Shareholders in Arabtec Holding are due to vote on its proposed capital restructuring at its annual general meeting, which is scheduled for April 18.
The company has proposed a restructuring through which it will raise Dh1.5 billion by issuing 1.5 million new shares, initially taking the total number of shares in circulation to more than 6.1 million. Following this, a capital reduction will take place where 4.6 billion shares will be cancelled, freeing up the same amount of liabilities that can then be used to write off accumulated losses.
Aabar Investments, which is part of the government-owned investment fund Ipic, has already agreed to subscribe to its full entitlement under the issue. It owns 36.11 per cent of the shares in Arabtec but it has also pledged to buy up any excess shares that other investors do not subscribe to during the issue.
"In a construction company, you need two things: cash and people," Hamish Tyrwhitt, Arabtec's chief executive, told The National after the company recently filed accounts declaring a Dh3.4 billion loss for 2016.
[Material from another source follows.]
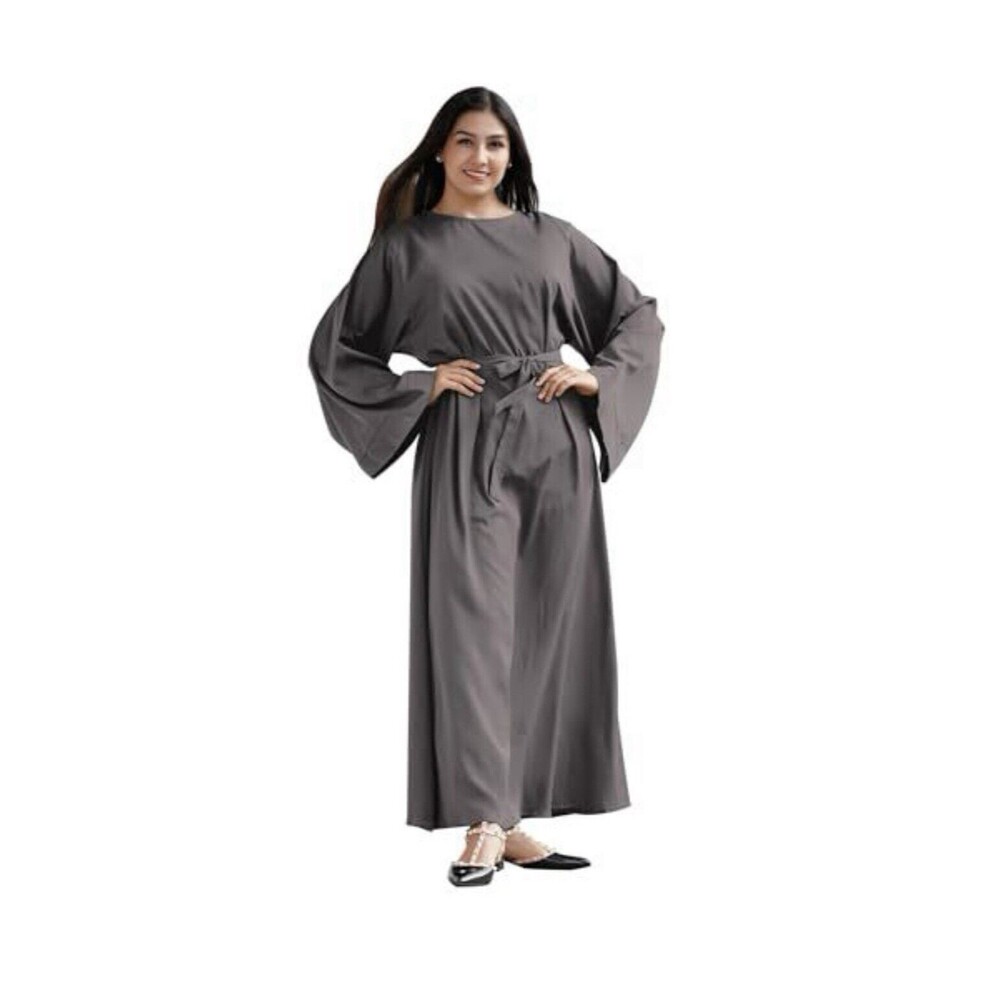 Kaftan Abaya Women’s Muslim Prayer Dress Hijab Dubai Islam 2XL Gray Flowy New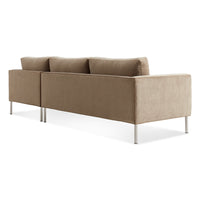 Paramount Sofa with Chaise in Otter Velvet - Angle 5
The company has already identified several new management team members who are due to join in the coming months and, alongside the proposed Dh1.5bn rights issue, it is planning to raise more cash through the disposal of non-core assets.
“Those things that are investments we have – whether it is some shares in a company, a minority stake or partnerships in some things – once we’ve had a strategic review I’d be looking at recycling that capital into the core of the business,” said Mr Tyrwhitt.
Arabtec’s annual general meeting is set to take places at Ipic’s offices in Abu Dhabi.
The company’s shares closed 2.46 per cent up on Sunday.